[Dataset records — start]

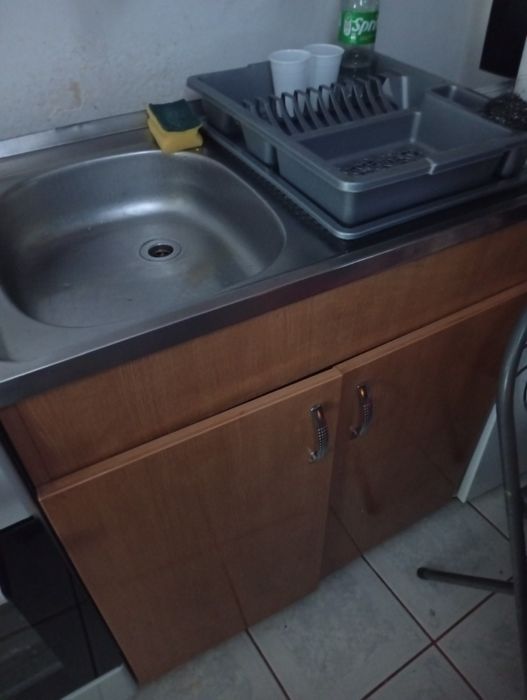 Vând mobila de bucătărie mica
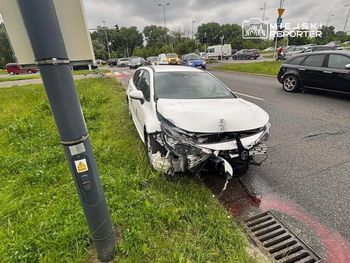 Groźna kolizja na Ursynowie. 3 promile stwierdzono u kierowcy Ubera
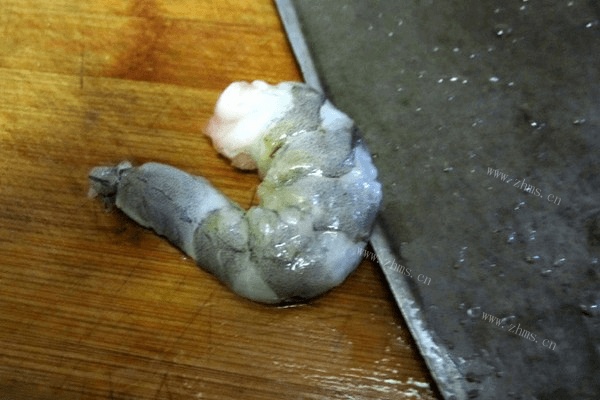 火爆的好吃的香辣虾球做法图解1)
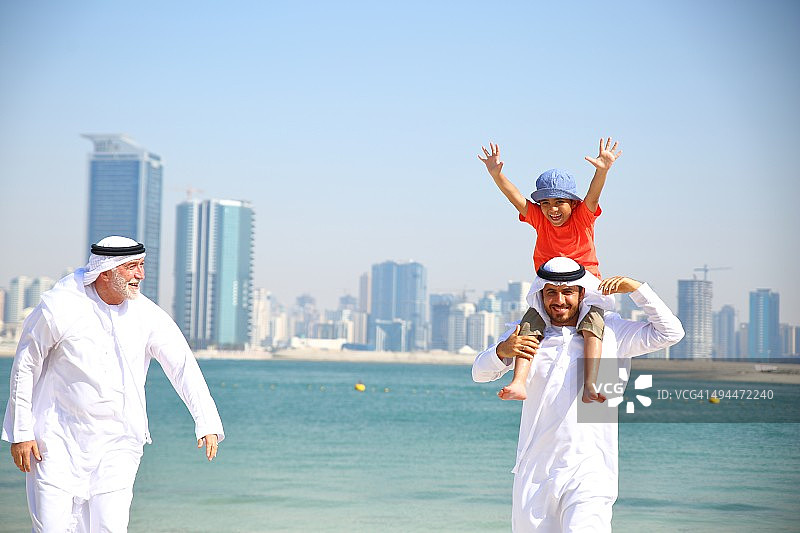 阿拉伯家庭在海滩上玩耍图片素材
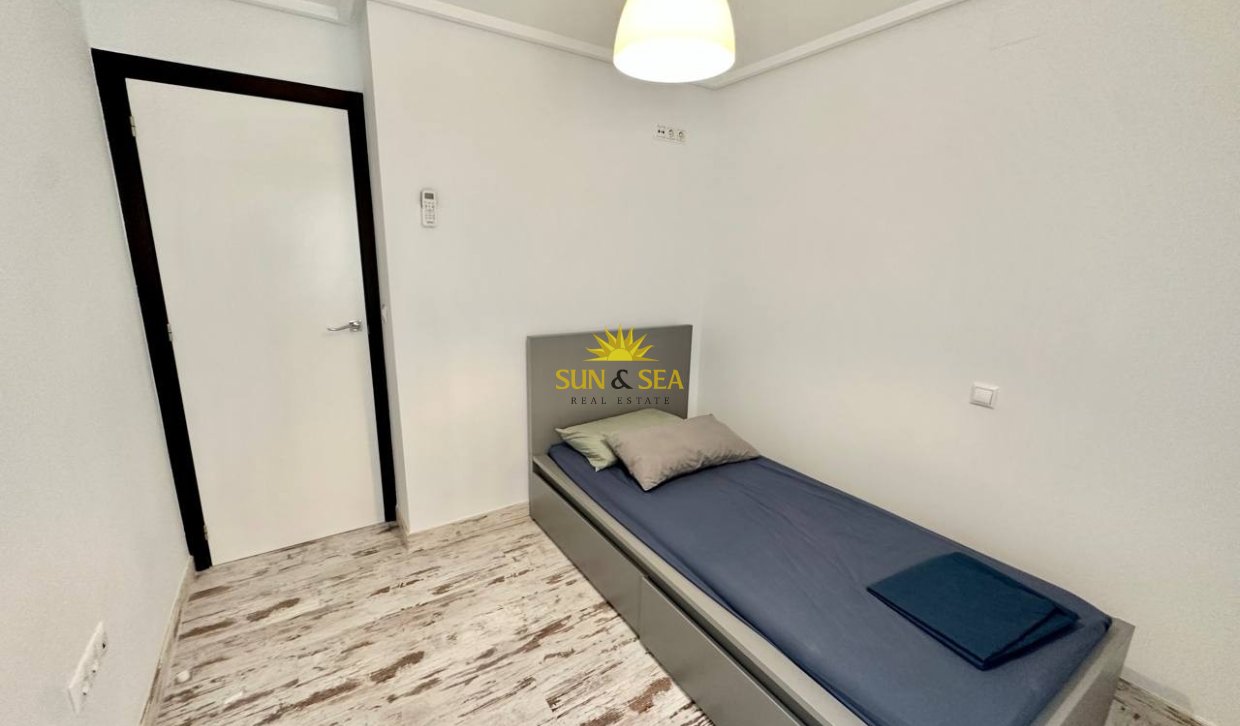 Long Term Rental - Apartment - Torrevieja - Centro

[Dataset records — finish]

# Directions:
Would you please transcribe the listing in full, exactly, while omitting the images?

# Result:
 Vând mobila de bucătărie mica
 Groźna kolizja na Ursynowie. 3 promile stwierdzono u kierowcy Ubera
 火爆的好吃的香辣虾球做法图解1)
 阿拉伯家庭在海滩上玩耍图片素材
 Long Term Rental - Apartment - Torrevieja - Centro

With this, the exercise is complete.